Is there any concern?

There appears to be numerous benefits of peer support. However, it is also important to recognize the negative aspects of peer mentorship. First, some mentors may suffer from a huge time and energy burden in those dyadic relationships. More seriously, some relationships have become an emotional tool for mentors because they are the ones who usually offer much but receive little as a return.

Second, we need to place more emphasis on increasing the “quality” of the relationship. In other words, pairing two individuals up does not guarantee that it will be beneficial to both sides. People need to focus on establishing a satisfactory, positive match between the individuals. Finally, we must recognize that not everyone wants to receive peer support. Some people with disabilities prefer to interact with those who are non-disabled. For those people, interacting with those who live with disabilities can, sometimes, immerse them in a negative emotional states.

What can I do, as a person with a disability?

  • Trying to normalize the feeling of loneliness might be the first step. It is very common and normal to experience loneliness, not only for those with disabilities, but also for those who are non-disabled.
  • Expressing your needs with someone who is going through or has gone through a similar life situation can be helpful. Taking this action does not mean a person is incapable or dependent. Rather, it represents that this person is stepping towards a greater level of independence – “interdependence.”
  • The Covid pandemic may hinder us to connect with others. We can take advantage of the Internet in order to stay connected and supportive.
  • Sharing your stories with your peers or just being an active listener are approaches to start the relationship. While we help others, we also end up helping ourselves a lot more too.

References

Emerson, E., Fortune, N., Llewellyn, G., & Stancliffe, R. (2020).

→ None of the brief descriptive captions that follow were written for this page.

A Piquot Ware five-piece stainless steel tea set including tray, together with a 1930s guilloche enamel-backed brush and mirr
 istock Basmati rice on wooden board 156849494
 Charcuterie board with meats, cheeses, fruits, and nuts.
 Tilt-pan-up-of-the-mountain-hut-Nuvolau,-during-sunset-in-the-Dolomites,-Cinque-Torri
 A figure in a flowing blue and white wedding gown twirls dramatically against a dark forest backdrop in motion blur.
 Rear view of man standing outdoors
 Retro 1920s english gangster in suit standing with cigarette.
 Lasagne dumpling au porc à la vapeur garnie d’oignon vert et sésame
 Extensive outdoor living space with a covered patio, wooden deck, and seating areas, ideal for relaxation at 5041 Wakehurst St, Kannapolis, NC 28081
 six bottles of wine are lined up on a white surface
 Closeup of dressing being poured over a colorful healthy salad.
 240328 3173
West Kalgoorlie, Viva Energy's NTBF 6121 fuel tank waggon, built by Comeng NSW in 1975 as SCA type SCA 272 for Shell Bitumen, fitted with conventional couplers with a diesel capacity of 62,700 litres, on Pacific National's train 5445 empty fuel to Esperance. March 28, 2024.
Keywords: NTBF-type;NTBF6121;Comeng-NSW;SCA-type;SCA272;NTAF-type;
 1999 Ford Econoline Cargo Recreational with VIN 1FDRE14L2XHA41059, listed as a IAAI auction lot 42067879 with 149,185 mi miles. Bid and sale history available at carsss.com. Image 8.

Loneliness, social support, social isolation and wellbeing among working age adults with and without disability: Cross sectional study. Disability and Health Journal. https://doi.org/10.1016/j.dhjo.2020.100965

Noreau, L., Noonan, V. K., Cobb, J., Leblond, J., & Dumont, F. S. (2014). Spinal cord injury community survey: A national, comprehensive study to portray the lives of canadians with spinal cord injury. Topics in Spinal Cord Injury Rehabilitation, 20(4), 249–264. https://doi.org/10.1310/sci2004-249

Oliver, M. (2013). The social model of disability: Thirty years on. Disability & Society, 28(7), 1024–1026. https://doi.org/10.1080/09687599.2013.818773

Veith, E. M., Sherman, J. E., Pellino, T. A., & Yasui, N. Y. (2006). Qualitative analysis of the peer-mentoring relationship among individuals with spinal cord injury. Rehabilitation Psychology, 51(4), 289–298. https://doi.org/10.1037/0090-5550.51.4.289

Vickers, M. H. (Margaret H. (2014). Dark times for workers with disability: Shame experiences for workers with multiple sclerosis (MS) : a creative non-fiction, collective case study. International Journal of Organization Theory and Behavior, 89–120.